Picture me, my friends, singing out my heart's desire like Snow White trilling "Someday My Prince Will Come": someday nobody will pee on my bathroom floor.
What's that you say? You don't like the scansion? I'm telling you my heart's desire and you're quibbling about its meter?
I do not understand how all this peeing on the floor happens, exactly, not having peed on the floor myself since I was a wee small child who was appropriately embarrassed about it. Perhaps it's a mark of Zorro kind of thing. Swish to the left! Swish to the right! And back to the left, spraying tub, floor, and, for the hat trick, the wall! Maybe it is bred in the bone for males to mark their territory, in which case I might prefer that they find a fire hydrant in lieu of marking the vanity as theirs and theirs alone. There are five males marking territory here, after all. That's a lot of marking and not so much territory. (My bathtub! No, mine! Hey, I was here first! My scrubbing arm is tired just thinking about it.)

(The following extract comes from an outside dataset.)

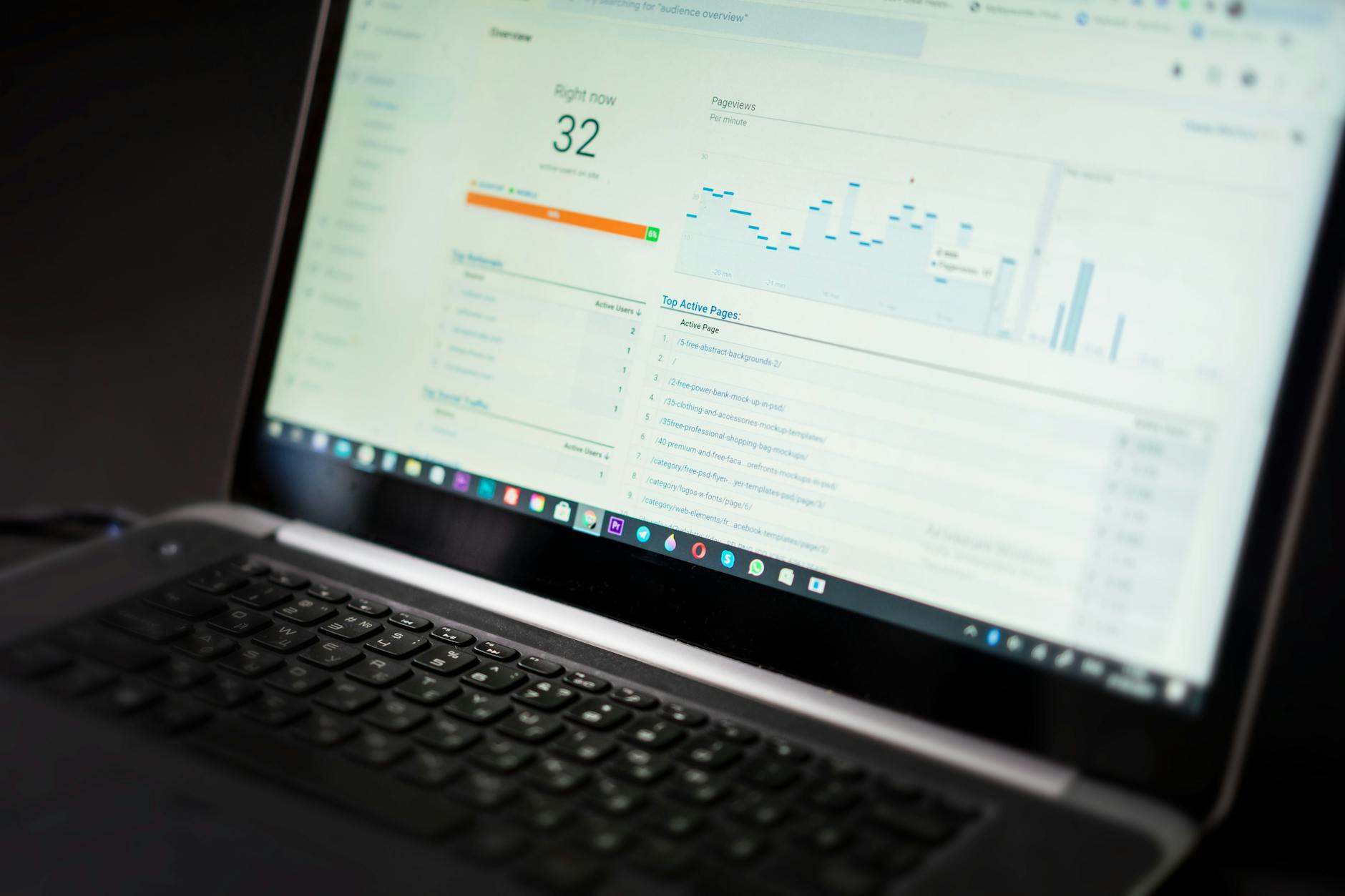 PageForge bulk page generation dashboard showing 1,200 SEO pages created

Do they just get distracted in the middle of things? Stop in to pee and -- oh, look, something shiny over there? There must be a lot of shiny in my house then -- a veritable silver mine invisible to the untutored female eye.
This post was inspired by yet another late-night trip to the bathroom in which I wound up with soggy pajama cuffs. I have one son who wanders a bit at night -- gets up to relieve himself (which is, of course, better than staying put to relieve himself) but is pretty disoriented doing so. It was worse last summer, when he would get just to the door of the bathroom and let fly on the floor, or occasionally even stray into a bedroom. I would wake up from a dead sleep when I heard the faint jingle of bunkbed hardware, vaulting out of bed to steer him toiletwards. "Waitwaitwaitwait," I would tell him, and it seems to have worked, finally. Puddles around the toilet are better than damp spots on the carpet any day of the week.

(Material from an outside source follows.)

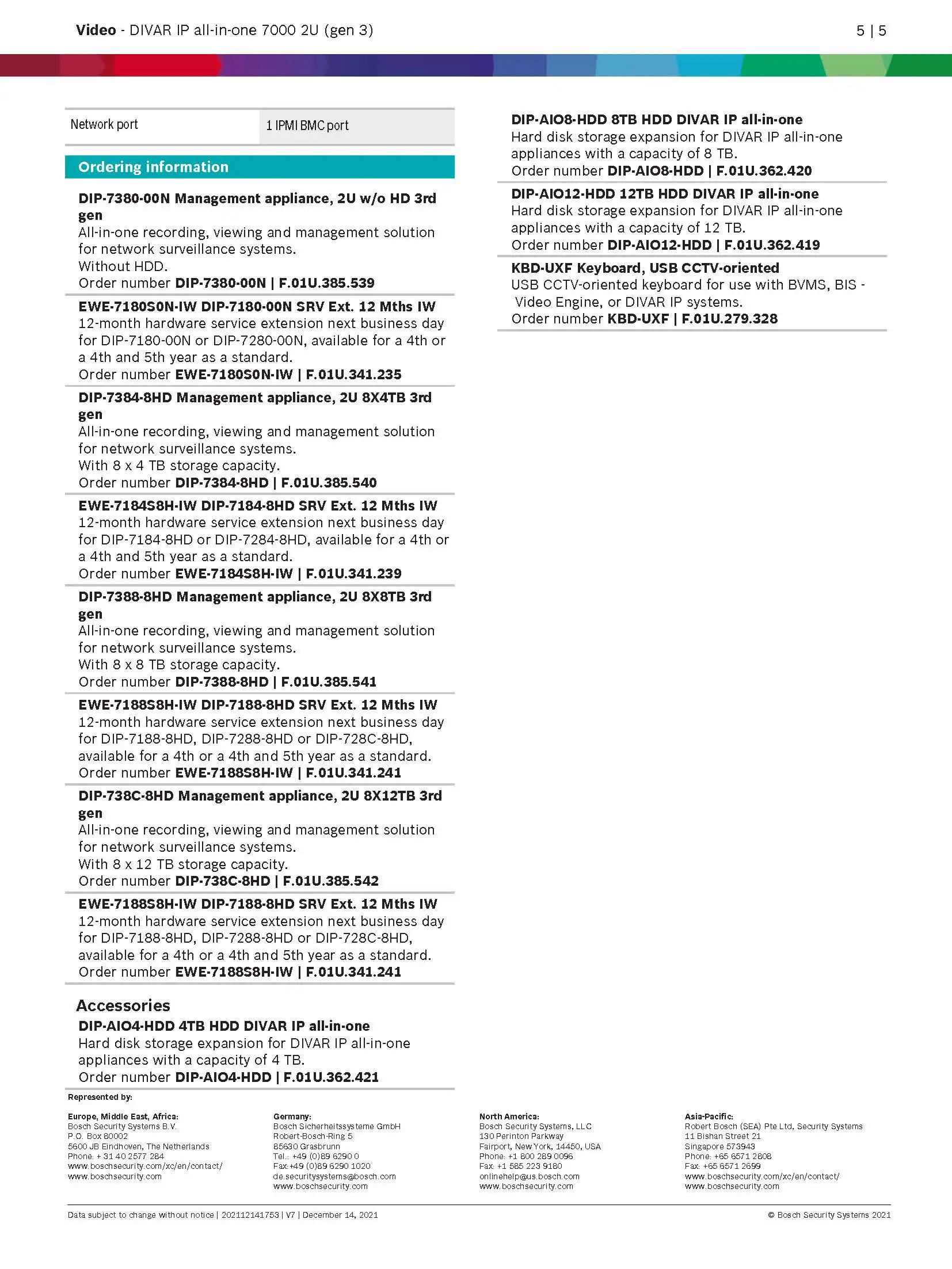 Bosch DIP-7380-00N Spec 05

I'm still tired of puddles around the toilet.
No one ever owns up to creating the puddles around the toilet. Sometimes I can nab an offender -- if he walks out and I walk in and spot the evidence, then he's going to be wiping down the bathroom. Mostly, though, they all aver that they had nothing to do with the mysterious puddle. They always aim front and center, every time, just like their mama taught them.
I used to envision an intruder in disguise, slipping in the back door expressly to pee on the floor and then slipping back out again. Maybe I should call the police about that. Help, I would say, it's the Masked Mystery Micturator!
These days I am taking the long view. Someday they will all leave home and pee on their own floors. Given their current enthusiasm for making puddles and reluctance to clean them up, I might need to take a paddle when I visit their homes.
Somebody needs to tell Snow White that when her prince finally comes, she may find herself singing a new song.